To kolejny raz, gdy detetywi Grupy AVERTO walczyli z problemem dzikich lokatorów. Tym razem sytuacja jest jeszcze bardziej oburzająca – lokatorzy zajęli kawalerkę mężczyzny, który wychowuje niepełnosprawne dzieci, a oni na brak pieniędzy nie mogą narzekać. Tematem zajęła się „Interwencja” Telewizji Polsat.

Pan Grzegorz mieszka w Bielsku Białej. W grudniu zeszłego roku wynajął kawalerkę Pani Ewie i jej synowi. Już przy pierwszym czynszu zaczęły pojawiać się problemy, wymówki i prośby o cierpliwość w związku z brakiem płatności. Aktualnie dług najemcy wynosi około 17,5 tyś. złotych.

– W grudniu wynająłem mieszkanie Pani Ewie i jej synowi. Podpisaliśmy umowę. Już przy pierwszej płatności za czynsz zaczęły się problemy. Teraz dług przekroczył już siedemnaście tysięcy – mówi Pan Grzegorz.
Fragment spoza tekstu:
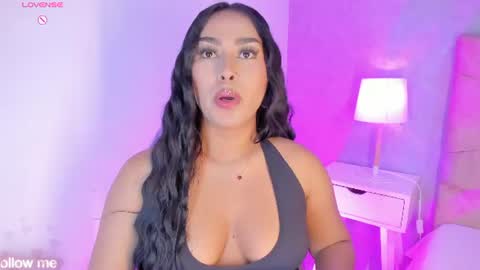 Snapshot of cameliaa_smiith chatting on June 23, 4:54 am Camelia Smith online show from June 23, 4:54 am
Pan Grzegorz jest ojcem trójki dzieci, które wychowuje wraz z żoną. Ze względu na fakt, iż dwójka z nich jest niepełnosprawna, Pan Grzegorz nie pracuje zawodowo, aby zapewnić dzieciom odpowiednią opiekę. Z poczucia bezradności zwrócił się o pomoc do agencji detektywistycznej.

– Okazało się i potwierdziło, że Pani Ewa i jej syn nie są osobami biednymi. Nie płacą za czynsz najmu, ale poruszają się samochodem o wartości ponad 100 tysięcy złotych. Mają środki finansowe na samochód, paliwo, pewnie raty leasingowe za to auto. Wyjaśniając, prawdopodobnie osoba trzecia jest właścicielem leasingu, aby komornik nie mógł zająć samochodu i innego majątku. Oczywiście jest to nielegalne i tym także należy się zająć – mówi detektywka Małgorzata Marczulewska, grupa Averto.

Detektywka Małgorzata Marczulewska ustaliła wiele faktów, a także udało jej się nawiązać kontakt telefoniczny z synem najemczyni. Okazało się, że pomimo, iż oficjalnie żadne z nich nie pracuje to posiadają środki do życia, a także poruszają się luksusowym samochodem.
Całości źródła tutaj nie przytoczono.